ContestedSome examples that worth the look so you can SEE the pros and con.
- Love Hina: Arguably the Trope Codifier of the harem genre, the reason why it became so popular. Pros: a colorful cast of characters with quirky personalities and healthy amounts of fanservice. Cons: The women enjoy beating up the boy they're supposed to be in love with. A lot.
- Rosario + Vampire: Despite all you heard about them is...Fanservice, or Loads of them. Pros: Good for making the Harem aspect and Interspecies Romance sadly serious and fleshed out, Cons: Too much fanservice, especially the Anime.
- The Wallflower involves people trying to invoke the Reverse Harem version of this to live in a swanky house without paying rent.
The Epic Fails
- Tenchi Muyo! (OVA 3) shows that harem stories that are filled with My Kung-Fu Is Stronger Than Yours can dilute the plot to the point of pointlessness, and the addition of Mary Sues to the cast never helps.

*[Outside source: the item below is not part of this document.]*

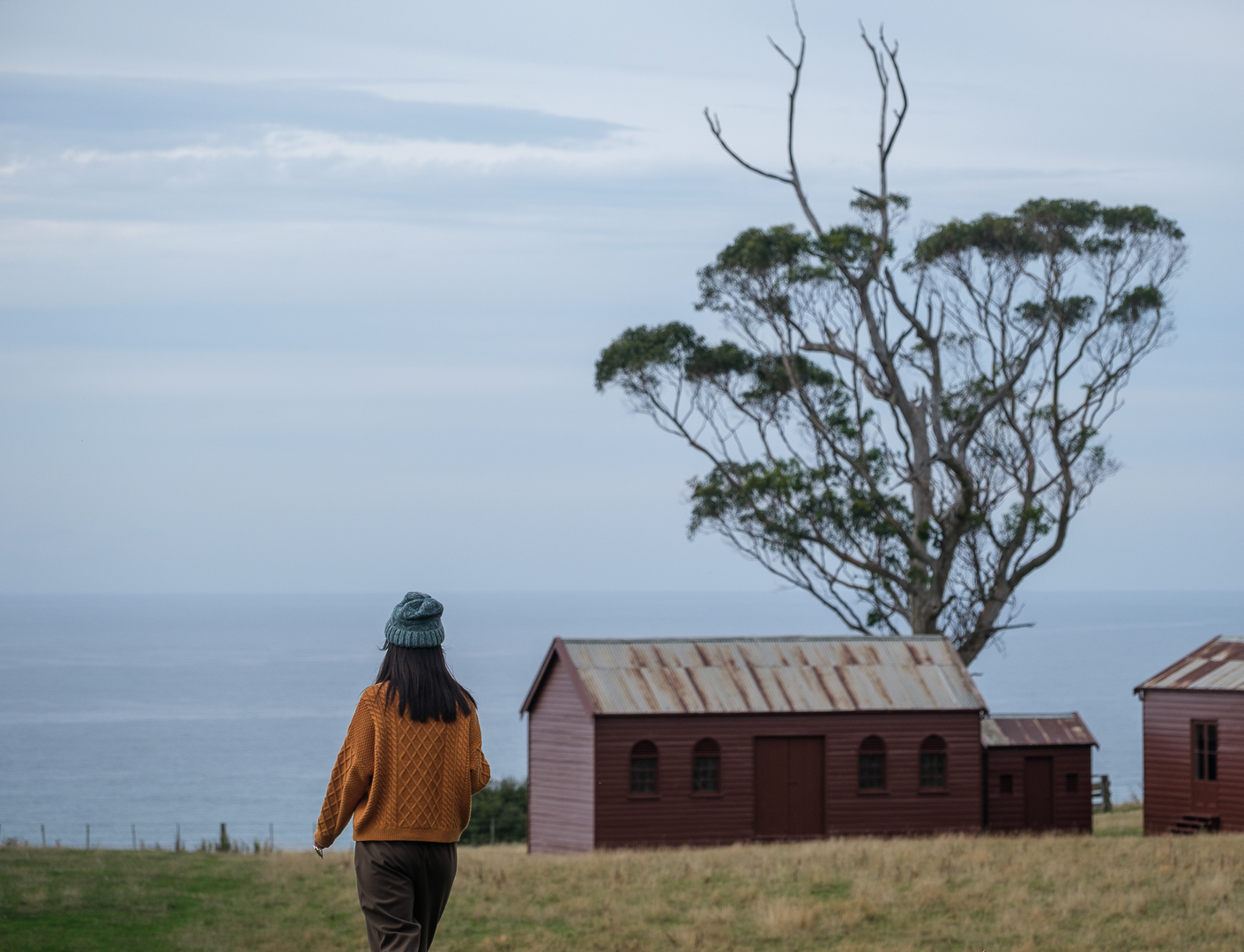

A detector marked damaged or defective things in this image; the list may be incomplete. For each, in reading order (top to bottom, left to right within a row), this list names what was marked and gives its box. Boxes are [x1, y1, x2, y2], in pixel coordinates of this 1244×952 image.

rusted corrugated metal roof [555, 636, 980, 711]
rusted corrugated metal roof [1139, 636, 1244, 691]
rusted corrugated metal roof [980, 711, 1099, 747]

- Tenchi Muyo! GXP also shows that trying to stay Strictly Formula is fine, but shows still need some form of extra oomph to push it up from "mediocre," to "watchable." As with OVA 3, this Tenchi series seemed to have the harem aspect just because everyone expects a Tenchi series to have a harem (never do this), and when harem antics are something you just endure so you can watch the ever wacky antics of Seriyo Tennan, you've messed up.
- Guardian Hearts has the wacky-type harem with an alien princess, a Ninja, a protector of Earth and some more. It's also a Cliché Storm of the highest level and very boring and uninspired, both for story and visuals/sound.